Ile trzeba było odwagi i bohaterstwa, by walczyć o wolność i niepodległość naszej Ojczyzny. Pamięć o odzyskaniu niepodległości w 1918 r.
wynika z obowiązku oddania hołdu tym wszystkim, którzy przez pokolenia krwią, ofiarą i duchem walczyli o wolną Polskę. Ci, którzy powinni odbierać od nas cześć i być
odznaczeni najgłębszą wdzięcznością miłości, modlitwy i pamięci, spoczywają w ziemi. Stanęli na ostatni raport przed Bogiem. Chrystus na pewno ich przyjął za rany na duszy
i ślady męki na swoim ciele.
O wolną Polskę bili się żołnierze, powstańcy, księża i artyści, szlachta i prosty lud.
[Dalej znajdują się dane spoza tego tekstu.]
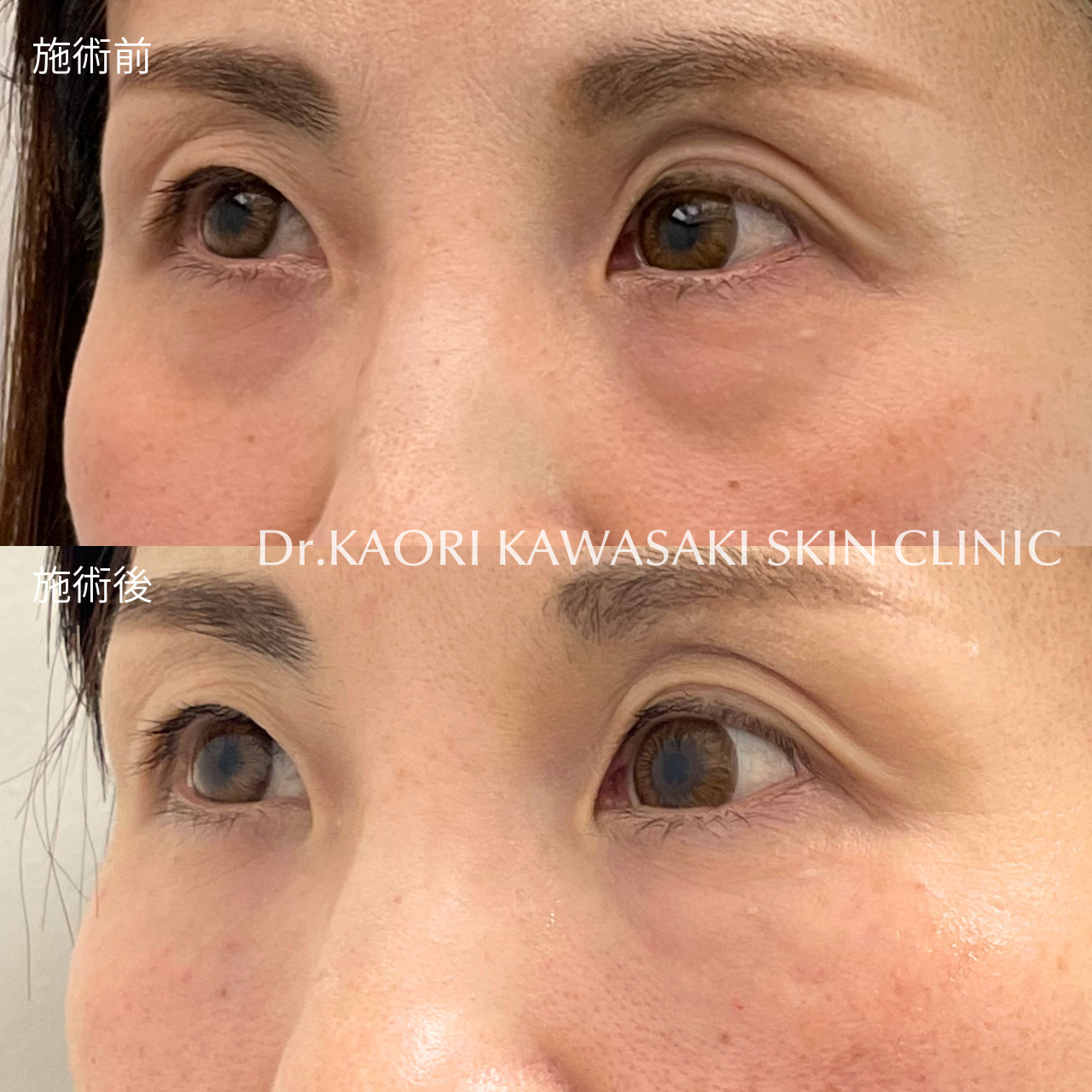 40代女性：クマ改善(治療名：ヒアルロン酸注入)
Wielkiej odwagi, ale i wytrwałości trzeba było, aby nie zwątpić, że dzień wolności
nadejdzie, choć mijały dni, miesiące, lata, a nawet pokolenia. Oddając hołd tym znanym i tym nieznanym, choć również w swej ofiarności wielkim, patrzymy na nich jak na
wzór, który nas dziś zobowiązuje, abyśmy nie zatracili tego wielkiego dziedzictwa, któremu na imię Polska.
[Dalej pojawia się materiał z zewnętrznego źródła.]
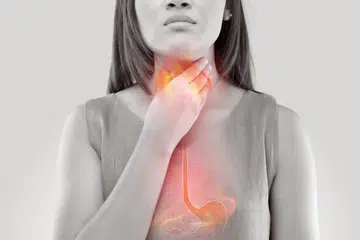 Refluks ditakrif sebagai kandungan makanan atau asid di dalam perut yang naik semula ke esofagus atau sehingga ke bahagian kerongkong. Refluks perkara normal yang boleh berlaku sekali-sekala disebabkan kelonggaran sfinkter (pencerut) di bahagian esofagus bawah.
W naszym zamyśleniu nad Ojczyzną warto przypomnieć słowa Jana Pawła II, że „jako naród jesteśmy powołani do zwycięstwa...”. Zwycięstwo polskiego narodu jest nieodłączne od Krzyża,
to zwycięstwo jest zwycięstwem Krzyża. Tylko naród, który przyjmuje królowanie Chrystusa z krzyża, może odnieść prawdziwe zwycięstwo.
Obchodząc kolejną rocznicę odzyskania niepodległości, musimy wiedzieć, że niepodległość to suwerenność, a suwerenność to samostanowienie w wymiarze politycznym i narodowym,
to możliwość decydowania o sobie.
Piotr Jaroszyński w książce Ocalić polskość pisze: „Patrząc dziś na kierunek przemian, jakim poddawana jest Polska, zarówno ten bliższy pod postacią Unii Europejskiej, jak i ten
dalszy w wymiarze globalistycznym, z niepokojem obserwujemy, jak niepodległość traci swoje realne kształty: nie ma niepodległości bez ziemi - wysprzedawana jest polska ziemia;
nie ma niepodległości bez własnego przemysłu - wysprzedawane są (i to za bezcen) polskie zakłady; nie ma niepodległości bez własnego prawa - sejm ustanawia tysiące praw, które mają
udowodnić, że nie mamy już własnych praw; o kierunku polityki polskiej nie decyduje naród, ale politycy posłuszni wytycznym przychodzącym z instytucji międzynarodowych. (...) Nie
takie aspiracje ma polski naród, nie o to walczyły pokolenia. Trzeba otworzyć szeroko oczy, trzeba patrzeć i rozumieć”.
W 1940 r. Ignacy Jan Paderewski wypowiedział w Szwajcarii i w Paryżu do swoich rodaków te słowa: „Wszyscy wierzymy w jedno i wiary
tej nic nam nie jest w stanie wydrzeć: zwyciężymy!... Polska jest nieśmiertelna!”.
I my, oddając hołd bohaterom i przejmując na siebie odpowiedzialność za Polskę, pamiętajmy o tych słowach i nie traćmy ducha.